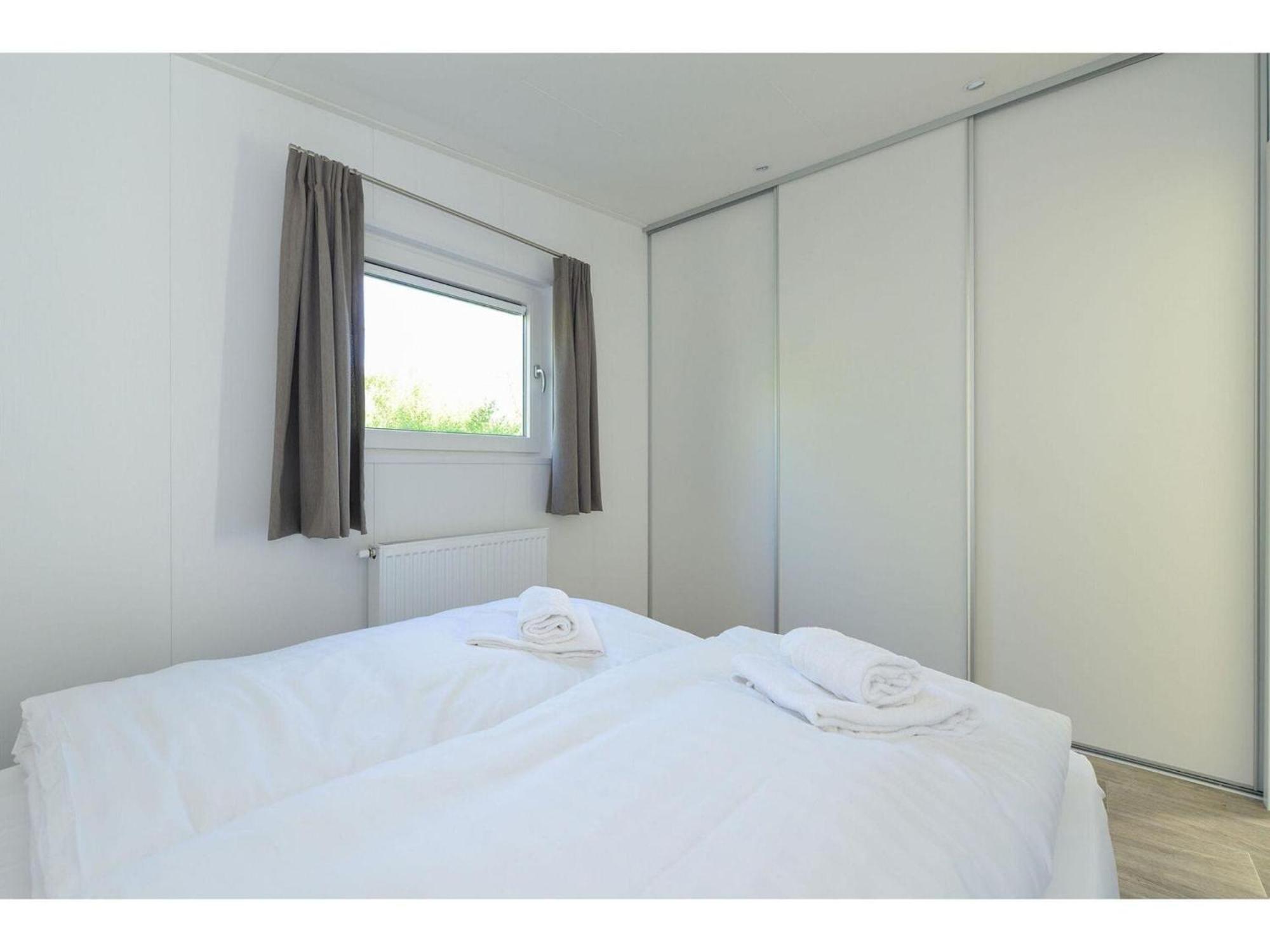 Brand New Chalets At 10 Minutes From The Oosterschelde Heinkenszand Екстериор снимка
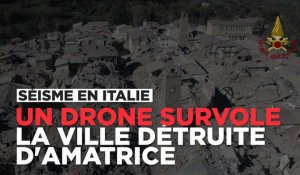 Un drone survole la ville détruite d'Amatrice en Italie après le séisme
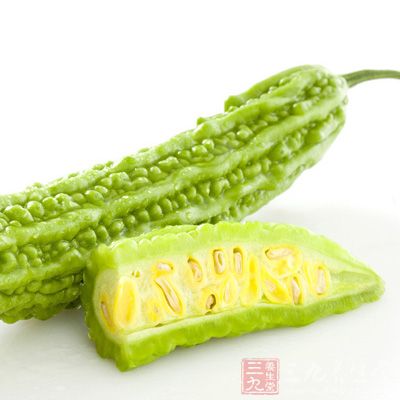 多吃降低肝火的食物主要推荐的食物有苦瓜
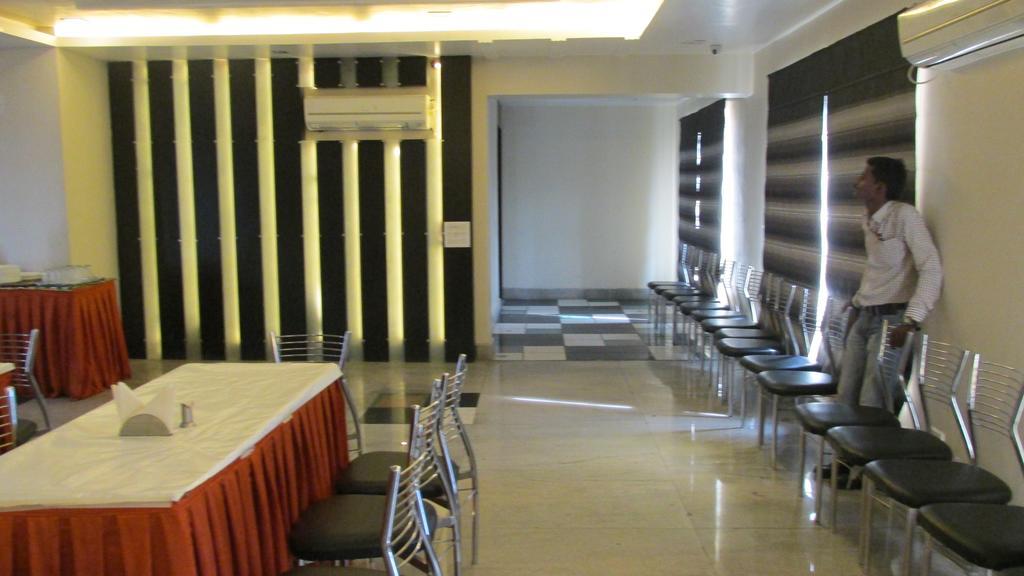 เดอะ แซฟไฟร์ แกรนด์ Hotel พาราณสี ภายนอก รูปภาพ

##############################

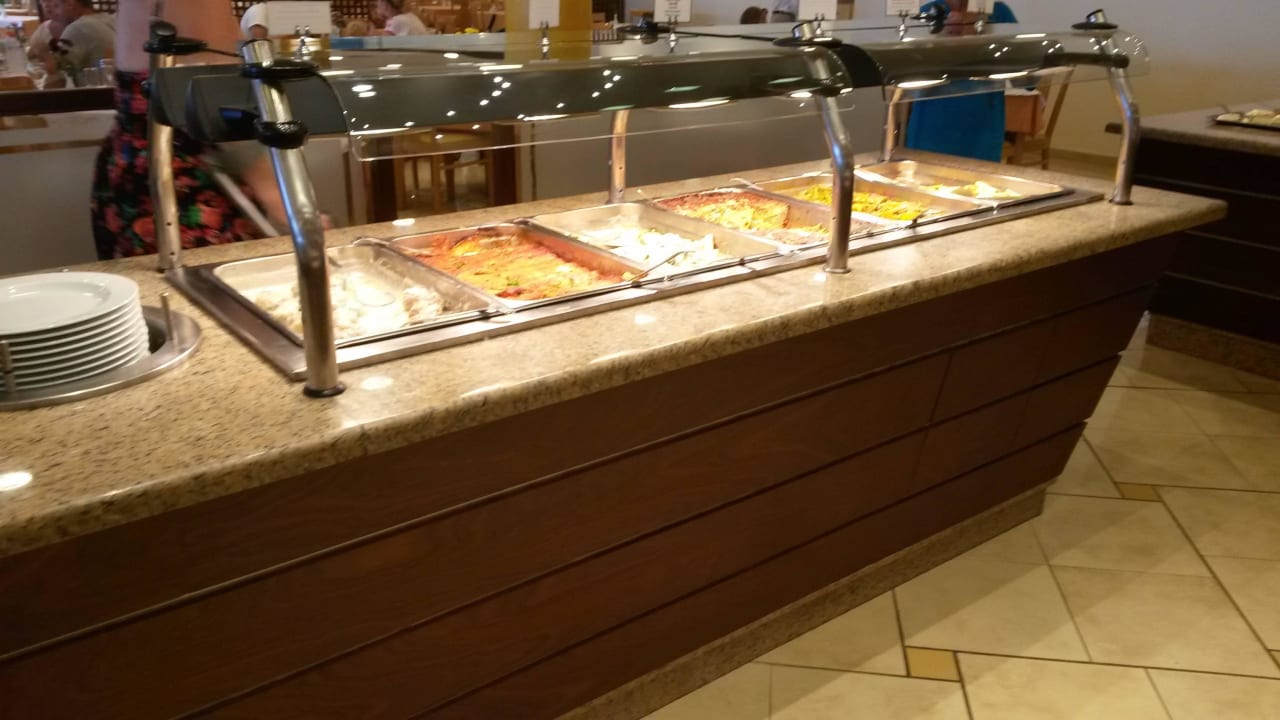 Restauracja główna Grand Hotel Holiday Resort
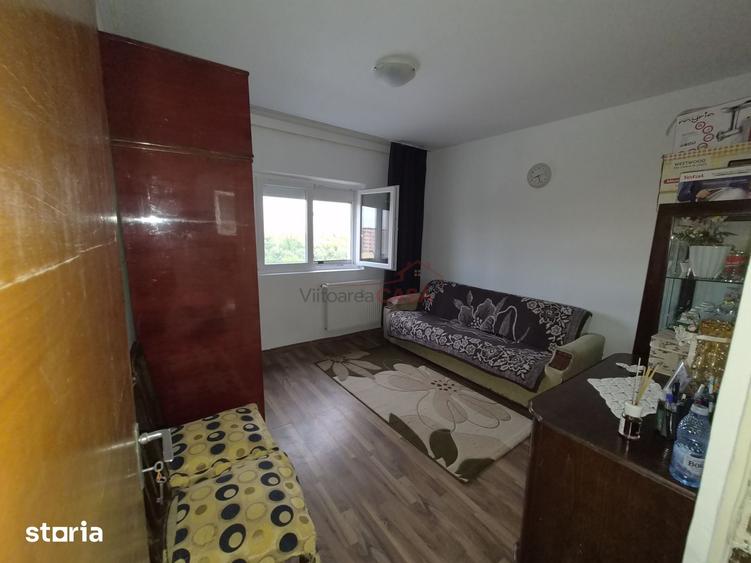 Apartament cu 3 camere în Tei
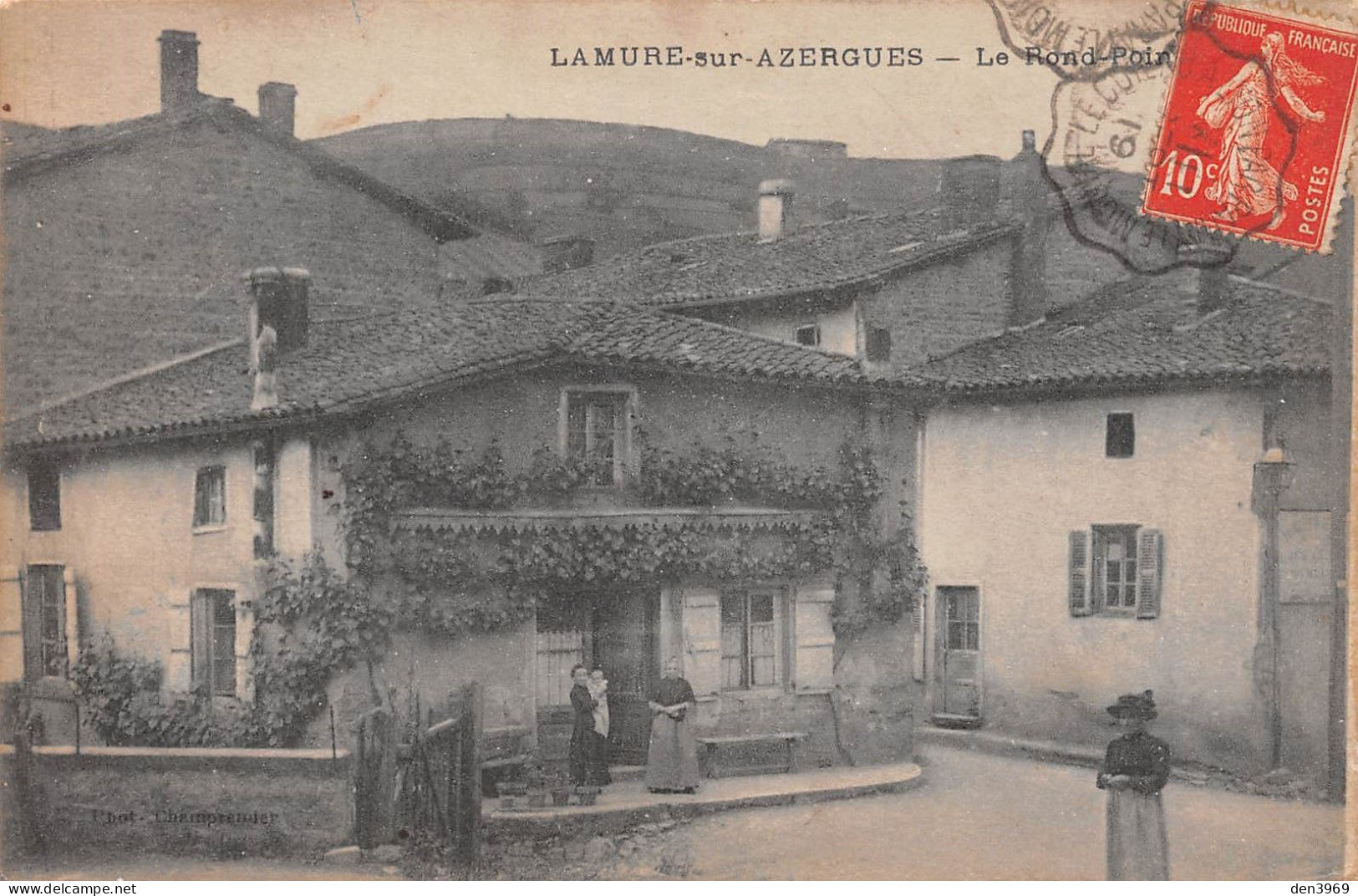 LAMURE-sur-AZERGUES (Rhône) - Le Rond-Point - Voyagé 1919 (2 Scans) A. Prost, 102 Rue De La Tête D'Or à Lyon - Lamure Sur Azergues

##############################

### What you have to do
Using the listing above, restate exactly the range between the lines holding "Brand New Chalets" and "เดอะ แซฟไฟร์ แกรนด์", inclusive, with pictures left out.

### Exercise answer
 Brand New Chalets At 10 Minutes From The Oosterschelde Heinkenszand Екстериор снимка
 Un drone survole la ville détruite d'Amatrice en Italie après le séisme
 多吃降低肝火的食物主要推荐的食物有苦瓜
 เดอะ แซฟไฟร์ แกรนด์ Hotel พาราณสี ภายนอก รูปภาพ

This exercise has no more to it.